National governments will have to contend with the following reality in the event of a pandemic:

• There will be an utterly short supply of vaccines, antiviral agents and antibiotics to treat secondary infections; and it will take several months before an added supply of these necessary drugs become available. By that time, it might be too late already.

• Medical facilities will be overwhelmed. Shortages in medical personnel will occur. It will be a case of spreading one’s resources and facilities thinly. This is a terribly grim scenario since we’re already short in healthcare personnel now that we even don’t have an epidemic. It’s unimaginable how much worse it would be in the event of a pandemic.
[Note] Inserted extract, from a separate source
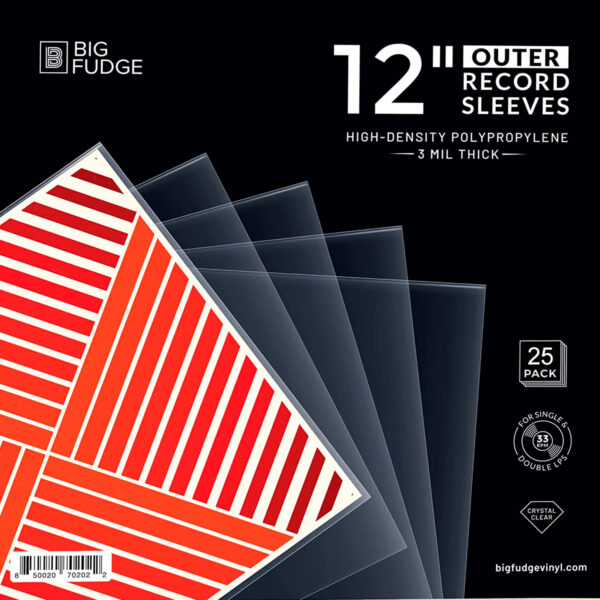 Big Fudge - Outer Record Sleeves x 25 - Audio Elite Colombia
• Outbreaks will reoccur producing a vicious cycle. The adverse impact on the communities affected will be prolonged and sustained. This is why a serious attitude at a pandemic preparedness plan is necessary to ensure that concrete steps are put into place so the plan not only remains on file.


“The pharmaceutical interventions (preparedness) are at the peak of this hierarchy,” stressed Dr. Zhou. Included in these pharmaceutical or medical interventions that should be readily available, especially once the pandemic escalates, are antiviral drugs, vaccines, medical care, and infection control and personal protective equipment (PPE).

Nonmedical or nonpharmaceutical interventions are also important, Dr. Zhou added. These include effective risk communication, personal hygiene, travel restriction, quarantine and social distancing or isolation. Nonmedical and medical interventions are public health measures that should be given more attention by the government and other sectors.

“And most importantly, the foundation of all of these is actually the social services,” Dr. Zhou said. “Without the support of all of these, you really won’t have a foundation to have that working plan about the medical intervention.” Included in this category are food, water and power supply, transportation, telecommunication and other essential services needed to keep a society running.

Dr. Zhou reported that most countries already have national pandemic preparedness plans in place. The big question one always asks is whether or not these plans could be operational when the pandemic occurs. Exercises to ensure operational effectiveness of the plan must be done from time to time, Dr. Zhou said. National pandemic preparedness plans are continuously having simulation exercises to test its effectiveness and to update guidelines and policies.

The WHO is currently focusing on health-related preparedness through the implementation of the International Health Regulations of 2005, capacity-strengthening through the Asia Pacific Strategy for Emerging Diseases (Apsed), availability of critical resources such as antiviral drugs, PPEs and vaccines, more effective risk communication and further education on these emerging threats.

Medical professionals and organizations are also being encouraged to support WHO programs to fight the emerging threats of global pandemics. Dr. Zhou stressed that the global process of preparing for global pandemics requires also global cooperation. He explained that all sectors of society have the opportunity and responsibility to make the pandemic preparedness plan work if and when the pandemic happens. May God forbid the flu or other pandemics from happening.